Handling missing data is an essential skill when working with pandas in Python. One of the most useful functions for filling in those troublesome NaN
values is fillna()
. In this article, I’ll walk you through how pandas fillna()
works, providing the best examples and explanations to ensure you can use this function effectively in your own data processing.
Understanding Missing Data in Pandas
Before diving into fillna()
, it’s crucial to understand what missing values are in pandas. In most cases, pandas represents missing values using NaN
(Not a Number), which stems from NumPy. A missing value can appear for various reasons, such as:
- Incomplete datasets
- Errors during data extraction
- Intentional placeholders
Let’s start by creating a simple DataFrame with missing values:
import pandas as pd
# Creating a sample dataset with NaN values
data = {'A': [1, 2, None, 4], 'B': [None, 2, 3, 4], 'C': [10, None, 30, 40]}
df = pd.DataFrame(data)
print(df)
This will output:
A B C
0 1.0 NaN 10.0
1 2.0 2.0 NaN
2 NaN 3.0 30.0
3 4.0 4.0 40.0
Basic Usage of fillna()
The fillna()
function replaces all occurrences of missing values with a specified value. Here’s the simplest example:
df_filled = df.fillna(0)
print(df_filled)
The result replaces all NaN
values with 0
:
A B C
0 1.0 0.0 10.0
1 2.0 2.0 0.0
2 0.0 3.0 30.0
3 4.0 4.0 40.0
Filling Missing Values with Different Strategies
Filling with a Specific Value Per Column
Instead of filling all missing values with the same value, you can specify different values for each column using a dictionary:
df_filled = df.fillna({'A': 99, 'B': 50, 'C': 0})
print(df_filled)
Forward and Backward Filling
You can propagate values forward (ffill
) or backward (bfill
) to fill missing data:
method='ffill'
: Fills missing values with the last known value above it.method='bfill'
: Fills missing values with the next known value below it.

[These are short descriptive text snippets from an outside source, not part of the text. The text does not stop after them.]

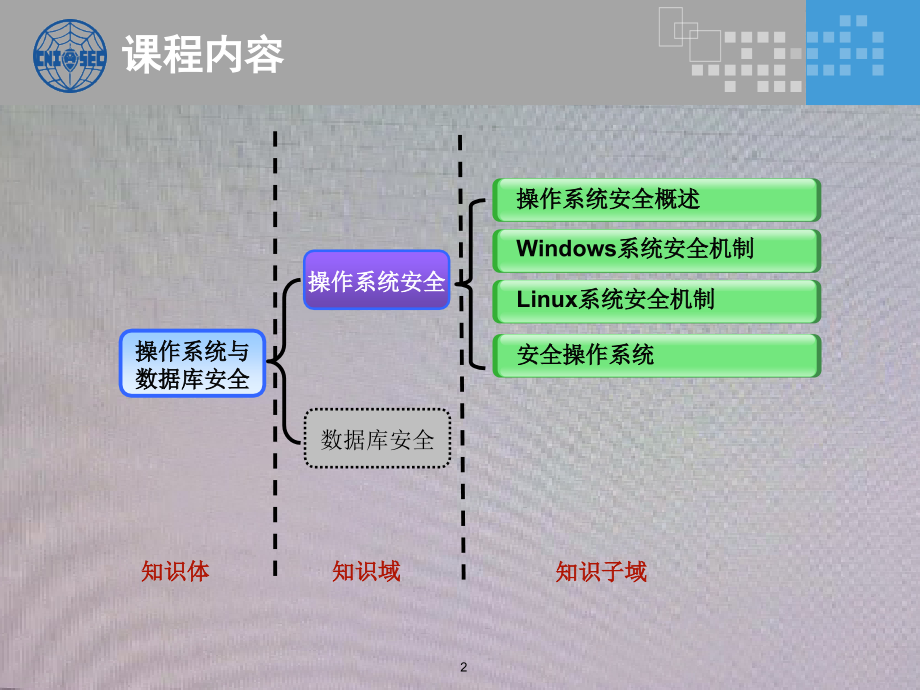 CISP0205操作系统安全_v30_第2页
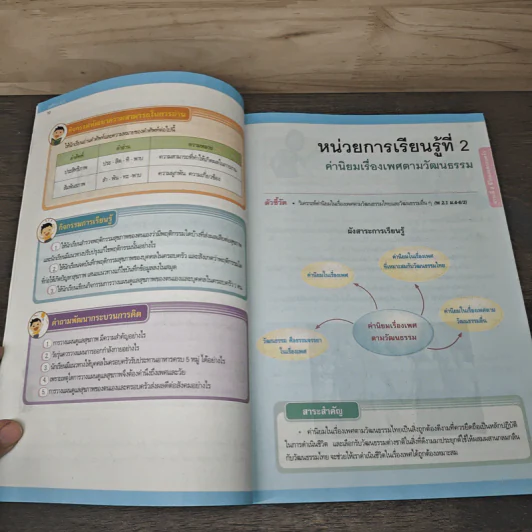 สุขศึกษา ม.5 รูปที่ 8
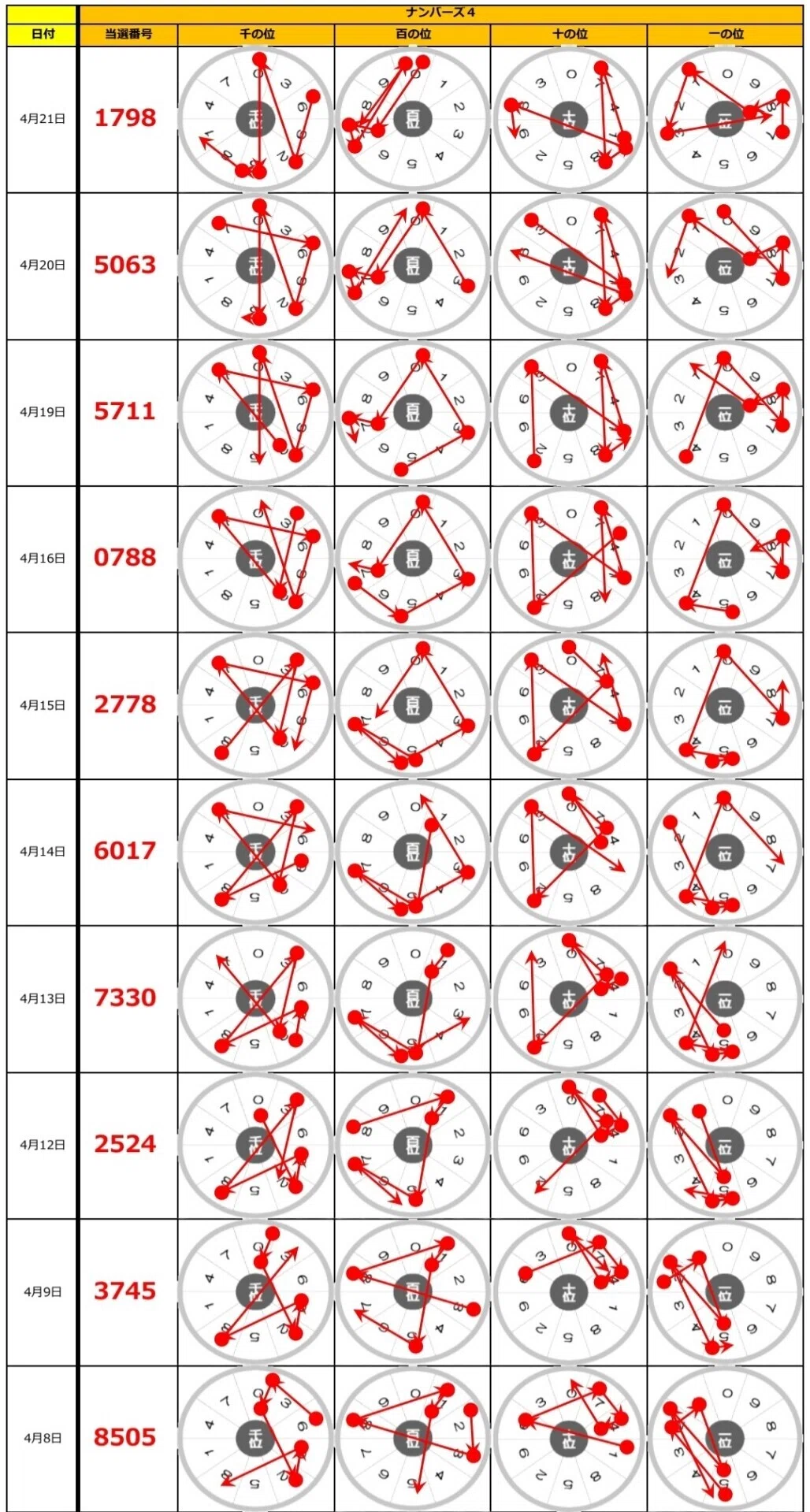 ナンバーズ4 ナンバーズフォー の4 21 水 当選結果 ゆるふわニャンコ ナンバーズ４予想 Note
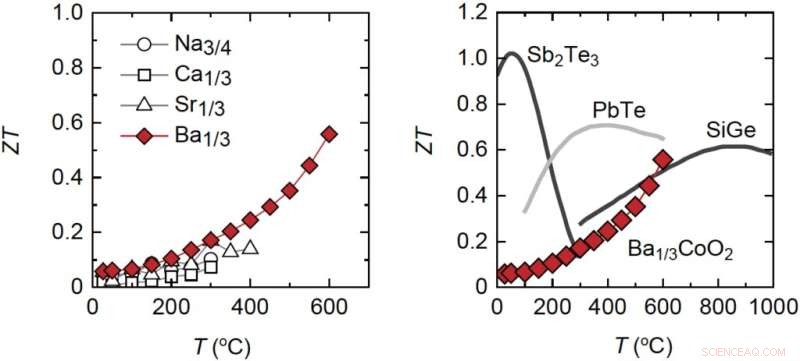 New Thermoelectric Material Achieves Unprecedented Efficiency, Stability, and Sustainability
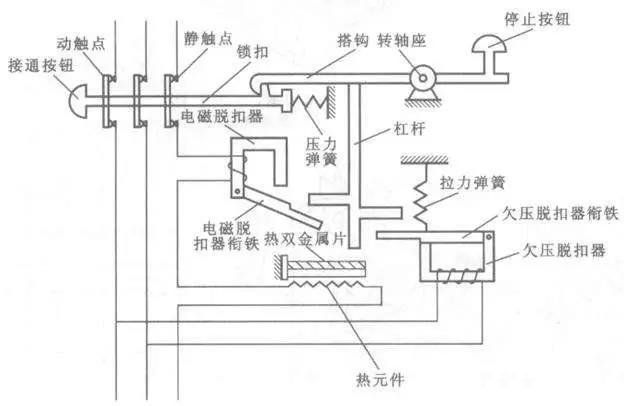 一分钟学习空气开关(断路器)的结构和原理,附带接线图!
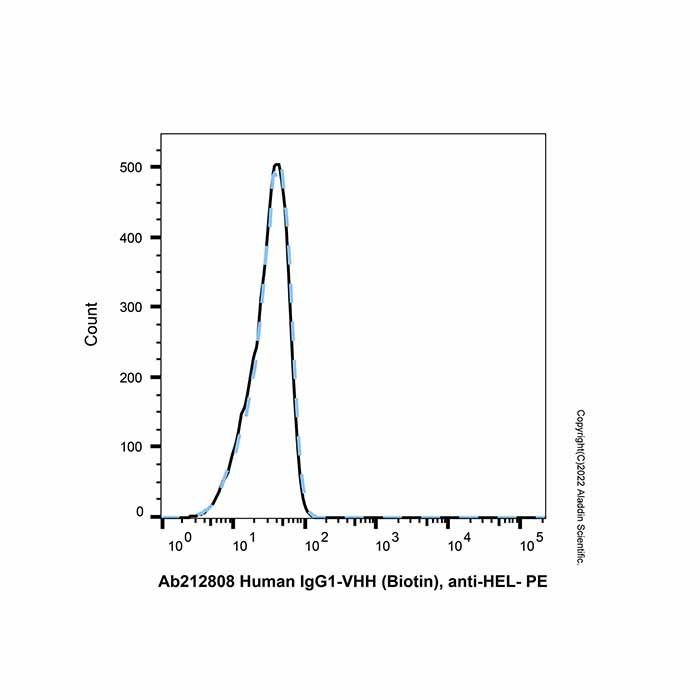 Human IgG1-VHH (Biotin), anti-HEL - by Aladdin Scientific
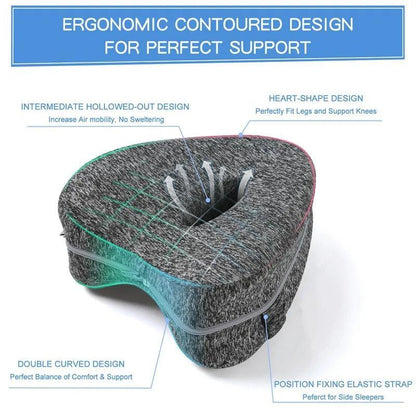 Softara™ Premium Knee Pillow _ _ SolisSleep _ Knee, Knee Pillow, Pillow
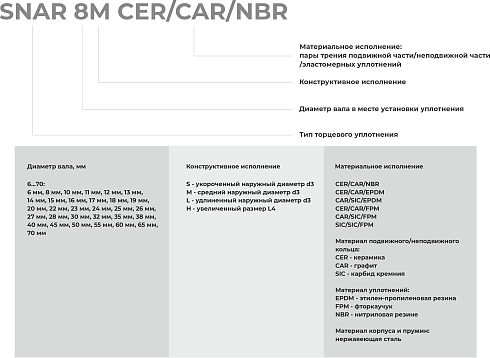 Торцевое уплотнение SNAR 70 SIC/SIC/FPM в Санкт-Петербурге фото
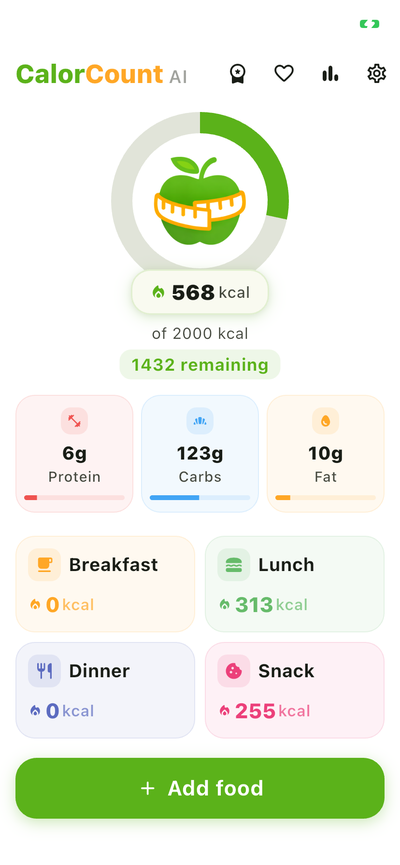 CalorCount AI home screen showing calorie ring at 568 kcal, macro breakdown, and meal cards for breakfast, lunch, dinner, and snack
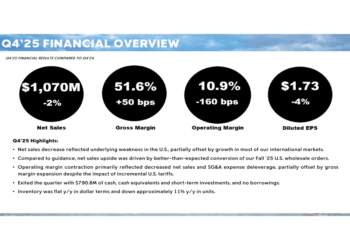Columbia Sportswear Q4 2025 slides: EPS beats estimates despite sales dip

df_ffill = df.fillna(method='ffill')
df_bfill = df.fillna(method='bfill')
Filling with Column Mean, Median, or Mode
Another smart way to handle missing values is by filling them with statistical measures such as the mean, median, or mode:
df_filled_mean = df.fillna(df.mean())
df_filled_median = df.fillna(df.median())
# Filling with mode (most frequent value)
df_filled_mode = df.fillna(df.mode().iloc[0])
Replacing Only a Specific Subset of Data
To replace missing values only within a specific row or column range, use slicing:
df.iloc[1:3, 0] = df.iloc[1:3, 0].fillna(55)
Performance Considerations
When working with large datasets, performance matters. Let’s examine how efficient fillna()
is:
Method | Time Complexity | Best Use Case |
---|---|---|
Constant value | O(n) | Quick and simple replacements |
Mean, median | O(n) | Numeric data with missing values |
ffill, bfill | O(n) | Time-series or sequential data |
Final Thoughts
Now you know exactly how pandas fillna()
works in Python and the best examples to use in real-world scenarios. Whether you want to use a constant value, statistical methods, or forward/backward filling, pandas gives you the flexibility to handle missing data effortlessly. The best approach depends on your dataset and the problem you’re solving, so choose wisely!